About Tanzu Kubernetes Grid Integrated Edition Upgrades

Page last updated:

This topic provides conceptual information about Tanzu Kubernetes Grid Integrated Edition upgrades, including upgrading the TKGI control plane and TKGI-provisioned Kubernetes clusters.

For step-by-step instructions on upgrading Tanzu Kubernetes Grid Integrated Edition and TKGI-provisioned Kubernetes clusters, see:

Overview

An Tanzu Kubernetes Grid Integrated Edition upgrade modifies the version of Tanzu Kubernetes Grid Integrated Edition, for example, from v1.10.x to v1.11.0 or from v1.11.0 to v1.11.1.

By default, Tanzu Kubernetes Grid Integrated Edition is set to perform a full upgrade, which upgrades both the TKGI control plane and all TKGI-provisioned Kubernetes clusters.

However, you can choose to upgrade Tanzu Kubernetes Grid Integrated Edition in two phases by upgrading the TKGI control plane first and then upgrading your TKGI-provisioned Kubernetes clusters later.

You can use either the Tanzu Kubernetes Grid Integrated Edition tile or the TKGI CLI to perform TKGI upgrades:

  • To perform a full upgrade of the TKGI control plane and TKGI-provisioned Kubernetes clusters, use the Tanzu Kubernetes Grid Integrated Edition tile .
  • To upgrade the TKGI control plane only, use the Tanzu Kubernetes Grid Integrated Edition tile.
  • To upgrade TKGI-provisioned Kubernetes clusters, use either the TKGI CLI or the Tanzu Kubernetes Grid Integrated Edition tile.
Upgrade Method Supported Upgrade Types
Full TKGI upgrade TKGI control plane only Kubernetes clusters only
TKGI Tile
TKGI CLI

Typically, if you choose to upgrade TKGI-provisioned Kubernetes clusters only, you will upgrade them through the TKGI CLI.

Deciding Between Full and Two-Phase Upgrade

When deciding whether to perform the default full upgrade or to upgrade the TKGI control plane and TKGI-provisioned Kubernetes clusters separately, consider your organization needs.

For example, if your organization runs TKGI-provisioned Kubernetes clusters in both development and production environments and you want to upgrade only one environment first, you can achieve your goal by upgrading the TKGI control plane and TKGI-provisioned Kubernetes separately instead of performing a full upgrade.

Examples of other advantages of upgrading Tanzu Kubernetes Grid Integrated Edition in two phases include:

  • Faster Tanzu Kubernetes Grid Integrated Edition tile upgrades.

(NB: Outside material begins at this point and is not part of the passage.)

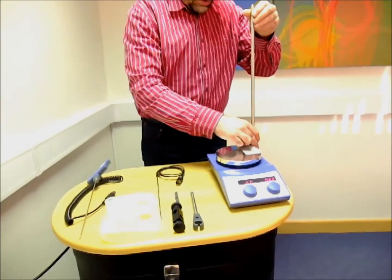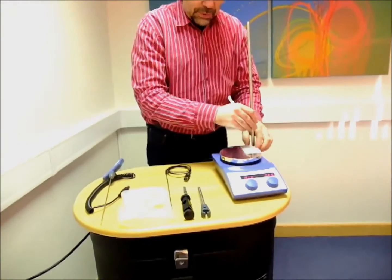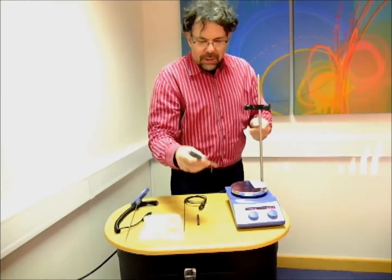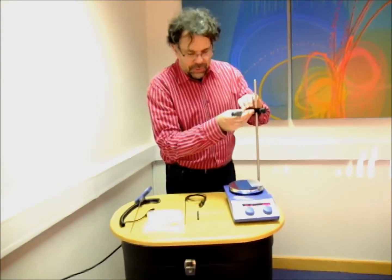Firstly, we have a very nice retort rod that comes with the package, so you can mount things directly onto the hot plate keeping your fume hood tidy, a boss head, and also very usefully this little clamp that holds temperature probes.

If you have a large number of clusters in your Tanzu Kubernetes Grid Integrated Edition deployment, performing a full upgrade can significantly increase the amount of time required to upgrade the Tanzu Kubernetes Grid Integrated Edition tile.

  • More granular control over cluster upgrades. In addition to enabling you to upgrade subsets of clusters, the TKGI CLI supports upgrading each cluster individually.

  • Not a monolithic upgrade. This helps isolate the root cause of an error when troubleshooting upgrades. For example, when a cluster-related upgrade error occurs during a full upgrade, the entire Tanzu Kubernetes Grid Integrated Edition tile upgrade may fail.

Warning: If you disable the default full upgrade and upgrade only the TKGI control plane, you must upgrade all your TKGI-provisioned Kubernetes clusters before the next Tanzu Kubernetes Grid Integrated Edition tile upgrade. Disabling the default full upgrade and upgrading only the TKGI control plane cause the TKGI version tagged in your Kubernetes clusters to fall behind the Tanzu Kubernetes Grid Integrated Edition tile version. If your TKGI-provisioned Kubernetes clusters fall more than one version behind the tile, Tanzu Kubernetes Grid Integrated Edition cannot upgrade the clusters.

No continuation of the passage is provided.